Top 10 checked out books


Every year the race to name the best books of the year heats up. (To truly set your mind spinning, check out this comprehensive list.) Now that the dust has cleared, we present the top 10 circulated print books from the library in 2015. After seeing so many of the same titles on multiple lists, there is at least one surprising title. "Attack on Titan", anyone?

"The Girl on the Train" by Paula Hawkins
This requires no explanation. All you need to know is, "For fans of Gone Girl…"

"The Book of Unknown Americans" by Cristina Henriquez
Henriquez graced the cover of the spring issue of the library's magazine, Connections, and was a featured speaker for the Currents: Conversations that Matter series.

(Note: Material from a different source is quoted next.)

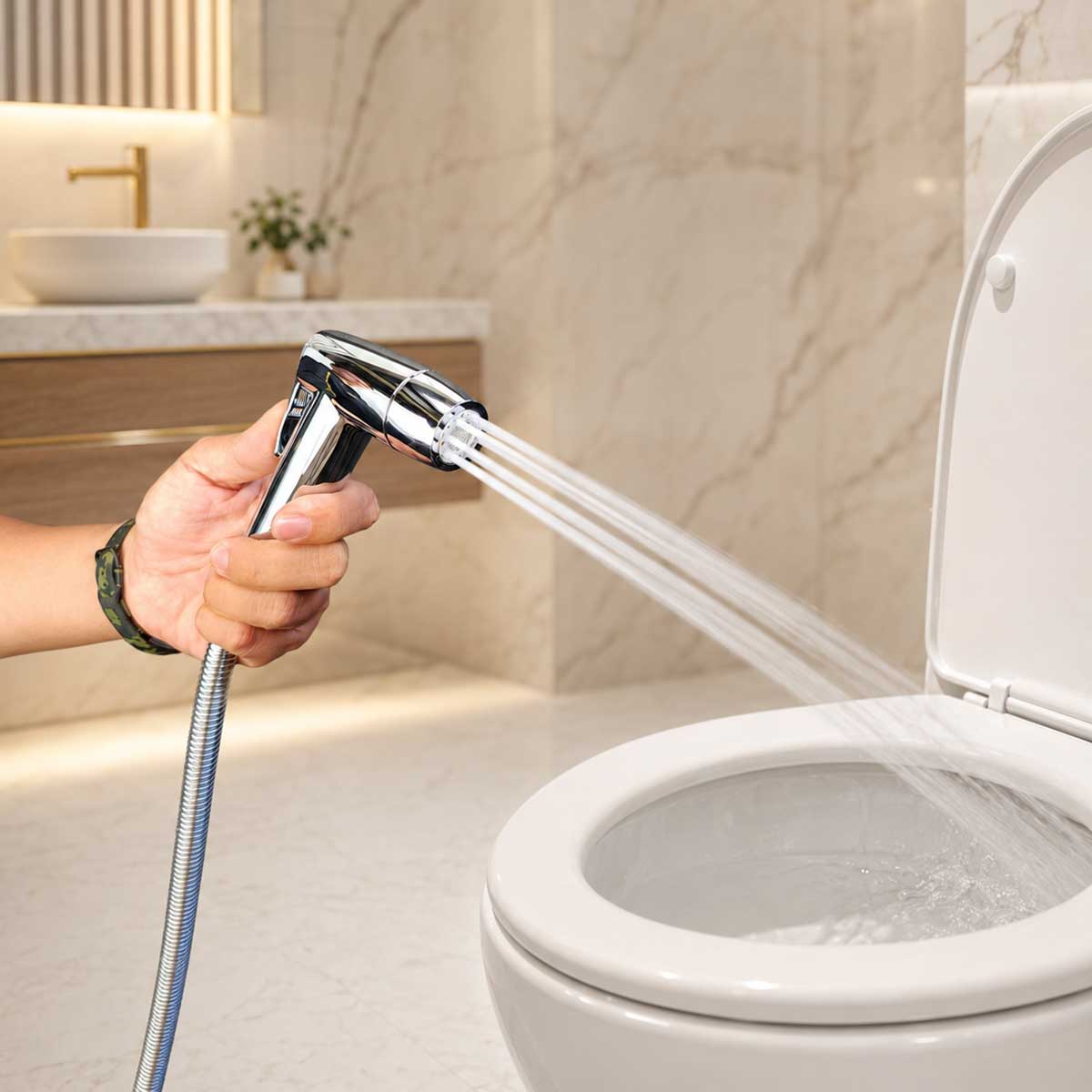 Vòi xịt vệ sinh Eurolife EL-X12-T tạo các tia nước tập trung, phù hợp hỗ trợ xịt rửa bồn cầu và vệ sinh phòng tắm.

"All the Light We Cannot See" by Anthony Doerr
This one is still in heavy demand. Readers just can't get enough of the gorgeous prose and riveting story. (I'm one of them, having professed love for it in Kirkus last January.) 

"Go Set a Watchman" by Harper Lee
Curiosity killed the…? Readers are divided. Ursula LeGuin had a very interesting take on it in this blog piece. "To Kill a Mockingbird" was the 39th most checked out book.

"The Goldfinch" by Donna Tartt
It had been a decade since readers heard a peep from Tartt. What's all the fuss? Readers are resilient, checking out this one until they finished it. And, the verdict? What did you think?
 
"Attack on Titan" by Hajime Isayama
I admit it. I had to google this one. It's anime! Who knew? Apparently, a lot of people in Princeton (and college students in Ramapo are obsessed with it, according to this article). 

"A Spool of Blue Thread" by Anne Tyler
Anne Tyler, we love you. Her latest chronicles four generations of a family (wait, that sounds a little like Anne Enright's The Green Road…no, no, different book, although Anne E. was right here in our community room last May and was a fabulously engaging speaker). 

"The Life-Changing Magic of Tidying Up" by Marie Kondo
Who couldn't use some "life-changing magic"? Judging by the number of times this book went out, you feel the same. Tell us, has it been magical? 

"Being Mortal" by Atul Gawande
I'll let you in on a secret: there are some REALLY big Atul Gawande fans in the adult services department. And, well, since we are all going to meet the same end, shouldn't we all aspire to live a life with meaning for as long as possible?
 
"Gray Mountain" by John Grisham
It's John Grisham. He has a lot of fans. And, a lot of books. And, a big fan base. 

This year, look for books from Don DeLillo, Jann Martel,  Annie Proulx, Julian Barnes, Louise Erdrich, Mark Kurlansky, Sebastian Junger, Mary Roach, and more. We're looking forward to what you decide will make next year's list.